_What you have to do_: After the line containing "物件内観写真8　(洗面)", write nothing more; before it, reproduce every line of the material below exactly, starting with the first.

_Task inputs_:
********

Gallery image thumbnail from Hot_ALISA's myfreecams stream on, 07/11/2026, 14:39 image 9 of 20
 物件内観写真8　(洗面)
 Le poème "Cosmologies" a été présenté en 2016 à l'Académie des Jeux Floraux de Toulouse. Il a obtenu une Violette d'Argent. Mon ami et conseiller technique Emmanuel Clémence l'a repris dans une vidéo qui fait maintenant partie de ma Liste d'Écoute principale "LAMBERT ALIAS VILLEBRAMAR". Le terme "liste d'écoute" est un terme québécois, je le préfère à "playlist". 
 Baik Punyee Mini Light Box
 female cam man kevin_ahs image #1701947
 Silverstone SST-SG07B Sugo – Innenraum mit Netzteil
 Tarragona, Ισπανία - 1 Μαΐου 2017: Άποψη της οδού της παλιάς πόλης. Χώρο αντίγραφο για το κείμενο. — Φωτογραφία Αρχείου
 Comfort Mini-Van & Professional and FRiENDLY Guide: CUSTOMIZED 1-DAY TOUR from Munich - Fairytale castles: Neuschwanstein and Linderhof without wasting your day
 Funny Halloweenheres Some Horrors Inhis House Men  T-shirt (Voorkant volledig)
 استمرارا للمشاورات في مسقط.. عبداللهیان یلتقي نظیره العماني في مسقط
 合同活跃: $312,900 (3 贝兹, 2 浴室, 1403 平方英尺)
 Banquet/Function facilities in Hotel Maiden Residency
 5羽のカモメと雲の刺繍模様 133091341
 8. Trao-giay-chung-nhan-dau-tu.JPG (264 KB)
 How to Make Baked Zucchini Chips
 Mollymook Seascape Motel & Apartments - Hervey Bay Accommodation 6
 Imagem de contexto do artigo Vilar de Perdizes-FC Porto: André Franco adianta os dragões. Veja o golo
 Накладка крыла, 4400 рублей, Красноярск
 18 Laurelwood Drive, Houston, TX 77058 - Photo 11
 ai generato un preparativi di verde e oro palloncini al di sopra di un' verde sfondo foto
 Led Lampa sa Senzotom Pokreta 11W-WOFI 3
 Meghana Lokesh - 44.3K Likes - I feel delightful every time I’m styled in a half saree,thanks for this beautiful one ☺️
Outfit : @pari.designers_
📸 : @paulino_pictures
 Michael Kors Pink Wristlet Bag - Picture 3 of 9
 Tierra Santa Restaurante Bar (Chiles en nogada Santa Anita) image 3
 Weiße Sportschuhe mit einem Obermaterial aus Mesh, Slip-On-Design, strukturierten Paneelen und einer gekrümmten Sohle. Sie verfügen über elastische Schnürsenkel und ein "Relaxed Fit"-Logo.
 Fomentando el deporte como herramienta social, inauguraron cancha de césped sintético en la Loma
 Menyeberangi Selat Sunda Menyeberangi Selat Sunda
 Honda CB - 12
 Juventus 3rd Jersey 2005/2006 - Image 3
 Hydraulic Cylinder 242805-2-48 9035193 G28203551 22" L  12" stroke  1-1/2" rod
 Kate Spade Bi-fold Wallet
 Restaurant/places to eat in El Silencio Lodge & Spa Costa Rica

********

_Response to the exercise_:
Gallery image thumbnail from Hot_ALISA's myfreecams stream on, 07/11/2026, 14:39 image 9 of 20
 物件内観写真8　(洗面)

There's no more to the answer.